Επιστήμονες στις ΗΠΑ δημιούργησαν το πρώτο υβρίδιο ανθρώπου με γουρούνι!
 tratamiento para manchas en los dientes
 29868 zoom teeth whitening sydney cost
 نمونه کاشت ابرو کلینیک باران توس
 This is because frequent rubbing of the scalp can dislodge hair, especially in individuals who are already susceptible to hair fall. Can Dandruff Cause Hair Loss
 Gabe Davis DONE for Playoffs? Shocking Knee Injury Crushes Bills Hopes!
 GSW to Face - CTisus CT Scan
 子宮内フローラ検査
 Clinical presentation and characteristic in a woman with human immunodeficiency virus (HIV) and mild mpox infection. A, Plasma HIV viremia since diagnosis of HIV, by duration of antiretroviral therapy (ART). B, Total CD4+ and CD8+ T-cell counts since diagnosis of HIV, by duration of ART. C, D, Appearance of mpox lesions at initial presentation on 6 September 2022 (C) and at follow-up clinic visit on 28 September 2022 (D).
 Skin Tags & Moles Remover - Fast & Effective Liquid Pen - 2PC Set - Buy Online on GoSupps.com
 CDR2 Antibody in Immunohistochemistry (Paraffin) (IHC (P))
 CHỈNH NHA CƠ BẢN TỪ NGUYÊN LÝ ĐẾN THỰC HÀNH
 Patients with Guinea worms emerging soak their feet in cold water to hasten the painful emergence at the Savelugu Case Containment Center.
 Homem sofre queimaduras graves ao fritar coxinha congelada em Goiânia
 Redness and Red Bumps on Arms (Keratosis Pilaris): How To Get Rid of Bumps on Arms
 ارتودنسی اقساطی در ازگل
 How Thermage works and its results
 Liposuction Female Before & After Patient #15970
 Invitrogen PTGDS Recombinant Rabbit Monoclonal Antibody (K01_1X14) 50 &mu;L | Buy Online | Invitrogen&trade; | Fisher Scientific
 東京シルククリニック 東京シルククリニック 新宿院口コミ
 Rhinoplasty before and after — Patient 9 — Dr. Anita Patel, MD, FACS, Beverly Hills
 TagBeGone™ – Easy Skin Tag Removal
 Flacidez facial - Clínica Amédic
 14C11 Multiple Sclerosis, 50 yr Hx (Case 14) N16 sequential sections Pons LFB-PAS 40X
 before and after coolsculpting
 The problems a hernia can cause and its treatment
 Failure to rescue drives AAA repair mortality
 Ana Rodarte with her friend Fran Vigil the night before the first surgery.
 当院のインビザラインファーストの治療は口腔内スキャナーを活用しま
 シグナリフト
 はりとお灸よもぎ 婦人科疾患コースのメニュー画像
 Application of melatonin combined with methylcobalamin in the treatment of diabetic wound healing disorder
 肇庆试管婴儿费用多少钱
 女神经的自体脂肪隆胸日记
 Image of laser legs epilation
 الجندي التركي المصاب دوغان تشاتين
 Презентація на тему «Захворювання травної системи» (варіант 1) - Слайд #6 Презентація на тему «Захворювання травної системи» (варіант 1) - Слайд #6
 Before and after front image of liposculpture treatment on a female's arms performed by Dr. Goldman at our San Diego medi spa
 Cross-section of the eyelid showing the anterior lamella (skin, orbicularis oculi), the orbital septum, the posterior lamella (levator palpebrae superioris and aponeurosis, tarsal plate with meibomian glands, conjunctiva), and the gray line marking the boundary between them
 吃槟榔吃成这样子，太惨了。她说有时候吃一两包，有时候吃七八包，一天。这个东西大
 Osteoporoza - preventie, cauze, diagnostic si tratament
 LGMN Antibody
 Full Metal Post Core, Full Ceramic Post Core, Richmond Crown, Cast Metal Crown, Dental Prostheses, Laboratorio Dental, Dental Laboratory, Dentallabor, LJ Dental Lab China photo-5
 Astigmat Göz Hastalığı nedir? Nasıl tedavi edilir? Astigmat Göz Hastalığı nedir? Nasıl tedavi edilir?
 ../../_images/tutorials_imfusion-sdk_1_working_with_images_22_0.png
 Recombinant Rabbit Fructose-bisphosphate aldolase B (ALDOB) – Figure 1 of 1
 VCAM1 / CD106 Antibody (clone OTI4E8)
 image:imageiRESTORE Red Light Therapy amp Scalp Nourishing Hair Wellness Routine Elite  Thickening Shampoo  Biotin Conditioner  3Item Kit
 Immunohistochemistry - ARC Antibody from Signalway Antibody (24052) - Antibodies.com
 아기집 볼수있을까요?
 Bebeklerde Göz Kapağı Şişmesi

#####

# TRY IT
So that nothing is lost, retype every entry in the listing above exactly.

# TASK OUTPUT
Επιστήμονες στις ΗΠΑ δημιούργησαν το πρώτο υβρίδιο ανθρώπου με γουρούνι!
 tratamiento para manchas en los dientes
 29868 zoom teeth whitening sydney cost
 نمونه کاشت ابرو کلینیک باران توس
 This is because frequent rubbing of the scalp can dislodge hair, especially in individuals who are already susceptible to hair fall. Can Dandruff Cause Hair Loss
 Gabe Davis DONE for Playoffs? Shocking Knee Injury Crushes Bills Hopes!
 GSW to Face - CTisus CT Scan
 子宮内フローラ検査
 Clinical presentation and characteristic in a woman with human immunodeficiency virus (HIV) and mild mpox infection. A, Plasma HIV viremia since diagnosis of HIV, by duration of antiretroviral therapy (ART). B, Total CD4+ and CD8+ T-cell counts since diagnosis of HIV, by duration of ART. C, D, Appearance of mpox lesions at initial presentation on 6 September 2022 (C) and at follow-up clinic visit on 28 September 2022 (D).
 Skin Tags & Moles Remover - Fast & Effective Liquid Pen - 2PC Set - Buy Online on GoSupps.com
 CDR2 Antibody in Immunohistochemistry (Paraffin) (IHC (P))
 CHỈNH NHA CƠ BẢN TỪ NGUYÊN LÝ ĐẾN THỰC HÀNH
 Patients with Guinea worms emerging soak their feet in cold water to hasten the painful emergence at the Savelugu Case Containment Center.
 Homem sofre queimaduras graves ao fritar coxinha congelada em Goiânia
 Redness and Red Bumps on Arms (Keratosis Pilaris): How To Get Rid of Bumps on Arms
 ارتودنسی اقساطی در ازگل
 How Thermage works and its results
 Liposuction Female Before & After Patient #15970
 Invitrogen PTGDS Recombinant Rabbit Monoclonal Antibody (K01_1X14) 50 &mu;L | Buy Online | Invitrogen&trade; | Fisher Scientific
 東京シルククリニック 東京シルククリニック 新宿院口コミ
 Rhinoplasty before and after — Patient 9 — Dr. Anita Patel, MD, FACS, Beverly Hills
 TagBeGone™ – Easy Skin Tag Removal
 Flacidez facial - Clínica Amédic
 14C11 Multiple Sclerosis, 50 yr Hx (Case 14) N16 sequential sections Pons LFB-PAS 40X
 before and after coolsculpting
 The problems a hernia can cause and its treatment
 Failure to rescue drives AAA repair mortality
 Ana Rodarte with her friend Fran Vigil the night before the first surgery.
 当院のインビザラインファーストの治療は口腔内スキャナーを活用しま
 シグナリフト
 はりとお灸よもぎ 婦人科疾患コースのメニュー画像
 Application of melatonin combined with methylcobalamin in the treatment of diabetic wound healing disorder
 肇庆试管婴儿费用多少钱
 女神经的自体脂肪隆胸日记
 Image of laser legs epilation
 الجندي التركي المصاب دوغان تشاتين
 Презентація на тему «Захворювання травної системи» (варіант 1) - Слайд #6 Презентація на тему «Захворювання травної системи» (варіант 1) - Слайд #6
 Before and after front image of liposculpture treatment on a female's arms performed by Dr. Goldman at our San Diego medi spa
 Cross-section of the eyelid showing the anterior lamella (skin, orbicularis oculi), the orbital septum, the posterior lamella (levator palpebrae superioris and aponeurosis, tarsal plate with meibomian glands, conjunctiva), and the gray line marking the boundary between them
 吃槟榔吃成这样子，太惨了。她说有时候吃一两包，有时候吃七八包，一天。这个东西大
 Osteoporoza - preventie, cauze, diagnostic si tratament
 LGMN Antibody
 Full Metal Post Core, Full Ceramic Post Core, Richmond Crown, Cast Metal Crown, Dental Prostheses, Laboratorio Dental, Dental Laboratory, Dentallabor, LJ Dental Lab China photo-5
 Astigmat Göz Hastalığı nedir? Nasıl tedavi edilir? Astigmat Göz Hastalığı nedir? Nasıl tedavi edilir?
 ../../_images/tutorials_imfusion-sdk_1_working_with_images_22_0.png
 Recombinant Rabbit Fructose-bisphosphate aldolase B (ALDOB) – Figure 1 of 1
 VCAM1 / CD106 Antibody (clone OTI4E8)
 image:imageiRESTORE Red Light Therapy amp Scalp Nourishing Hair Wellness Routine Elite  Thickening Shampoo  Biotin Conditioner  3Item Kit
 Immunohistochemistry - ARC Antibody from Signalway Antibody (24052) - Antibodies.com
 아기집 볼수있을까요?
 Bebeklerde Göz Kapağı Şişmesi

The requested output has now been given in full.